FALLEN AND FRUITFUL!

15th Sunday in Ordinary Time (A)
July 13, 2014

FALLEN AND FRUCTIFYING!

I was in the flood-devastated areas just a month after typhoon Sendong unleashed its unprecedented wrath over Northern Mindanao some years back. Rains fell. Waters cascaded down from the denuded mountains, causing massive and sudden flooding over parts of Cagayan de Oro City, and brought humongous trunks of felled trees down Iligan City, causing the untimely deaths of scores of people who were stricken dead as they slept in the dark and dead of night.

Falling rain is usually a welcome gift from the heavens. It does not return empty handed, but makes the land bear fruit in plenty. This much, Isaiah tells us in the first reading. But rampaging floods carrying huge log projectiles are a different matter. They are destructive. They bring death, not just destruction … along with a whole lot of the usual hand-wringing from officialdom, looking for someone else to blame except themselves.

But come to think of it, natural calamities are simply that – natural. We cannot control them. We cannot prevent them. We cannot, even at times, predict them, as in the case of earthquakes. But calamities that are directly caused by humans, like wanton and illegal logging, and the rape and pillage of mother nature are a different matter. Natural calamities, of themselves, are not evil, per se. They are all part of the law imprinted in the world of nature itself. But human neglect, human greed and selfishness, what theologians would refer to as “secondary evil,” are a totally different reality. They bear fruit. They bring a train of other evils. They cause the downfall of many, and affect the lives of many, for the worse, not for the better. They bring down suffering on innocent and helpless people, and untold misery to countless others.

This is suffering that happens due to the evil that other men and women do … evil that takes place when otherwise good people allow themselves to be instrumentalized by primary evil, Satan and his cohorts. But not all suffering can be traced back to either primary or secondary evil. Suffering is part of the whole complex of mystery of the human condition that arose when we fell into sin, subject as we all are to the ravages brought by original sin.

Today, our readings refer to this paradoxical situation of man subject to the effects of sin and the evil than people do, or evil that people allow themselves to be instruments of.

This kind of suffering falls like rain from some place up, unbidden, unwanted, undeserved. Such is the mystery of human suffering. Bad things do happen to good people, and evil men seem to triumph over good men. Good girls finish last, and good boys seldom make it to the top of the heap.

In such situations, it is easy for anyone, most of all myself, to lose hope and question God … What is the meaning of all this? What good can come out of this senseless evil?

God’s answer is unequivocal … Rain does not go back empty handed. It makes the earth fertile and fruitful. There is meaning behind the pain as there is a silver lining behind every dark cloud. “The sufferings of this present time are as nothing compared with the glory to be revealed for us.”

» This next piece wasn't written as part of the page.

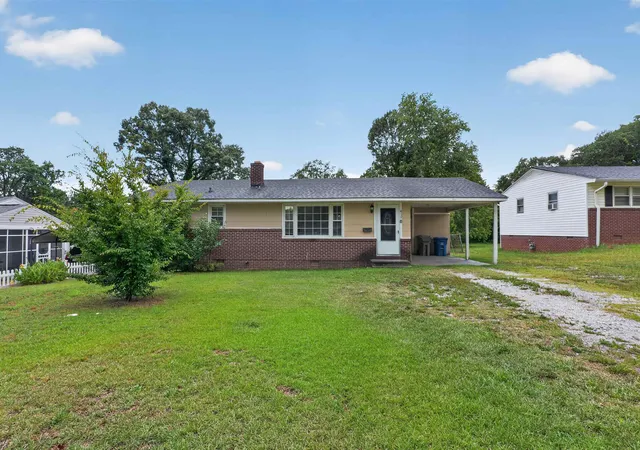 Photo 2 of Single family home for sale at 417 Crestview Dr, Spartanburg, SC 29306 | MLS# SPN339331 | Listing updated on 2026-08-27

Sendong brought untold tragedy to hundreds if not thousands. So did Pablo. And more recently, and much, much worse, Yolanda (Haiyan). When I first saw the massive destruction, I could not hold back tears. But now I see countless little miracles like plants abloom in dry deserts and in the midst of so much desolation: seeds sprouting life and hope to all who plant … fishermen getting back to the only livelihood they know after receiving boats that generous people give. From the tragic loss of lives and property and livelihood arose new hope from people they do not even know, from near and far.

But for these miracles to happen, ironically, they have to come from situations of brokenness. They come from experiences that have to do with falling, dying, and then moving on to rising once more.

And this, my friends, is the good news – the paradoxical nature of new life that arises from having to fall and die, so that the new might be born.

But, as in the case of Sendong, Pablo and Yolanda, there are victims and there are victims. There are those who fall and remain down, and those who fall, but strive to rise. There are those who give fruits in return and those that merely suck in what others painstakingly give. There are soils that enable and empower and soils that just receive, with nothing to give in return.

I would like to believe that the call today is for us to decide on what type of soil we ought to become. It is not about deciding not to fall, or not to be rained down upon, for into everyone’s life, some rain must fall.

Bring it on, then! Like the martyrs, like the saints, like everyone who fell in the darkness of night, for God’s sake, and for others’ sake, we will not fall down in vain. We might be down, but not out; stricken, but not written off; fallen, but still fructifying … a hundred, sixty, or thirty fold!